▶ WHAT IS BEING ASKED: In the records below, find the line containing "party location here Unisex Hoodie" and the line containing "Vibrant, Dynamic Bull". Give again exactly those lines and every line between them, omitting the pictures.
#### DATA TO USE
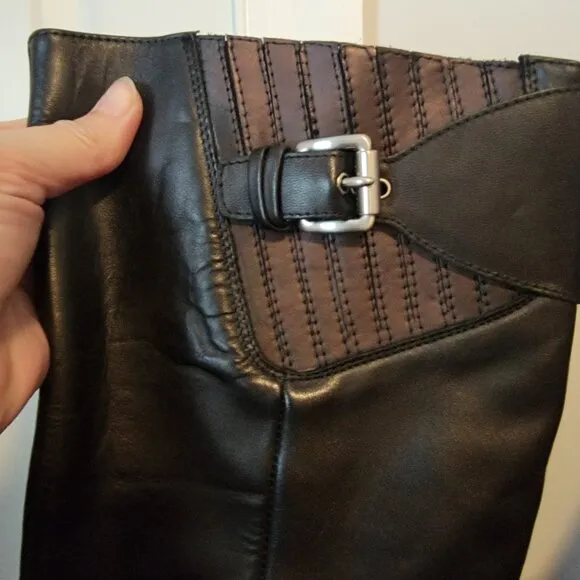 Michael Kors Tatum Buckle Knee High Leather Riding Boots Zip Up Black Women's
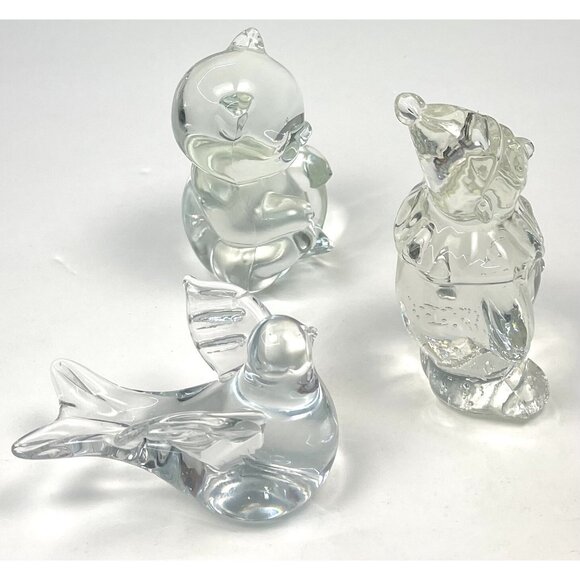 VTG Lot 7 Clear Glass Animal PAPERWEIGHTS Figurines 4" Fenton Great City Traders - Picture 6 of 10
########
#### DATA TO USE
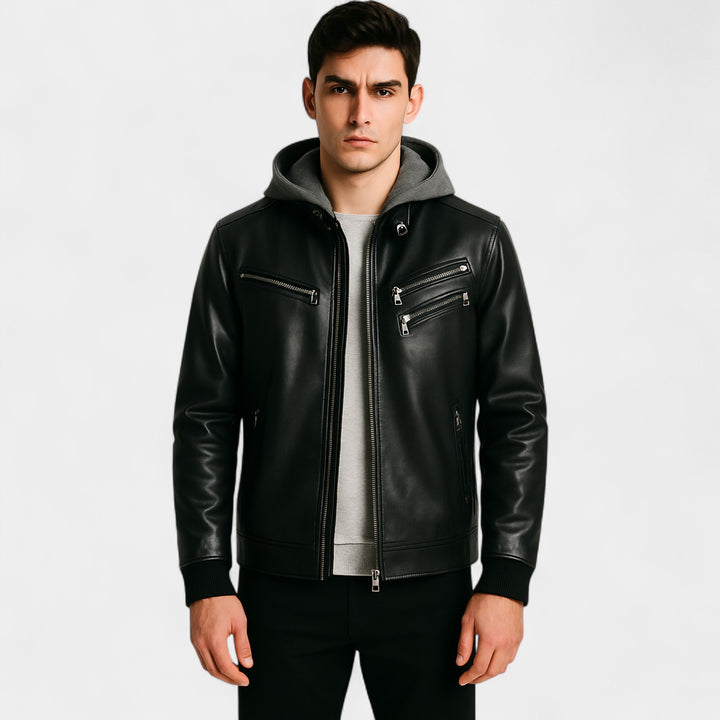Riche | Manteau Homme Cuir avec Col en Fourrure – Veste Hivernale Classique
########
#### DATA TO USE
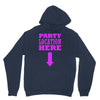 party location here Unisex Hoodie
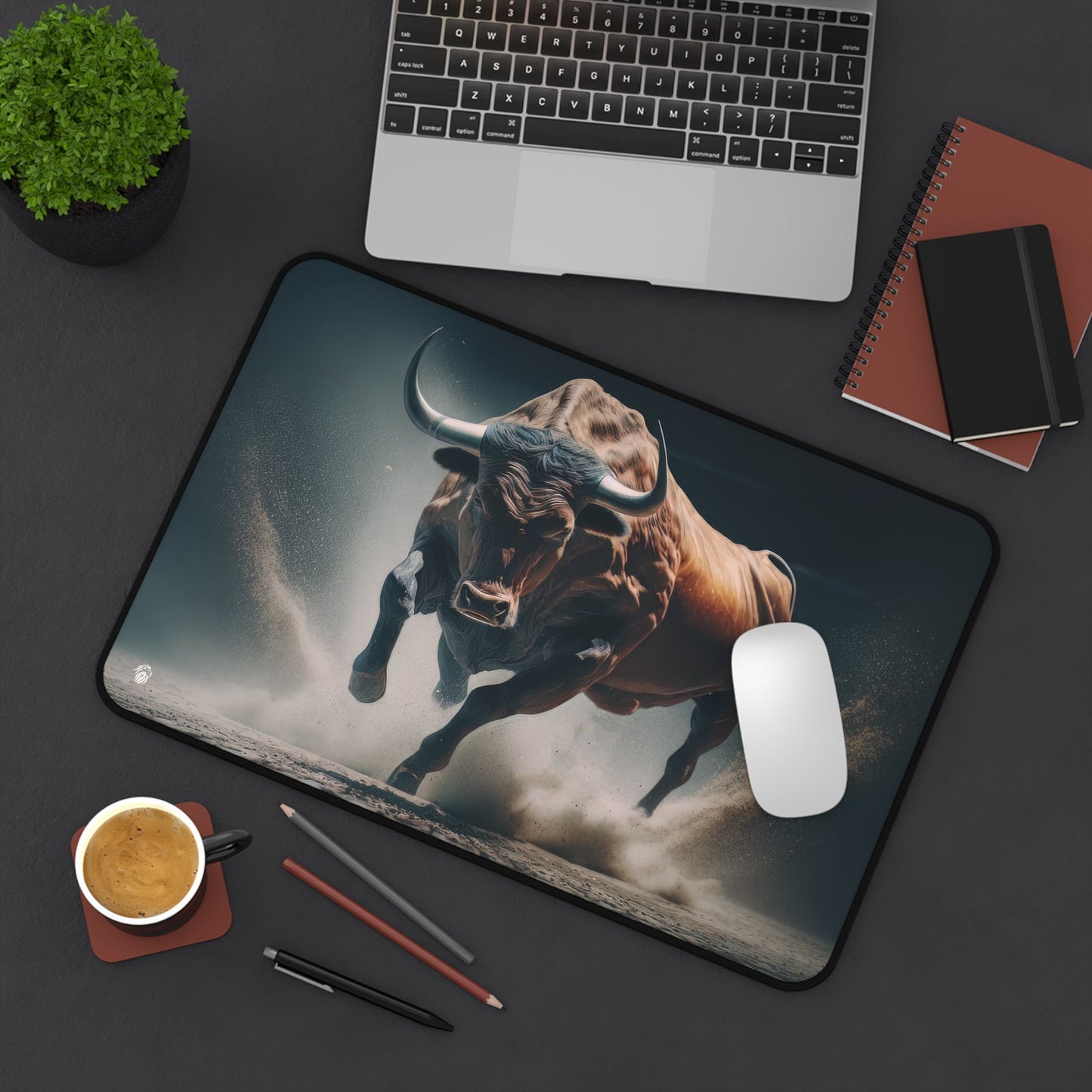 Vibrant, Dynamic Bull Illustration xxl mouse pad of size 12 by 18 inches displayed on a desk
########
▶ OUTPUT FOR THIS TASK:
 party location here Unisex Hoodie
 Vibrant, Dynamic Bull Illustration xxl mouse pad of size 12 by 18 inches displayed on a desk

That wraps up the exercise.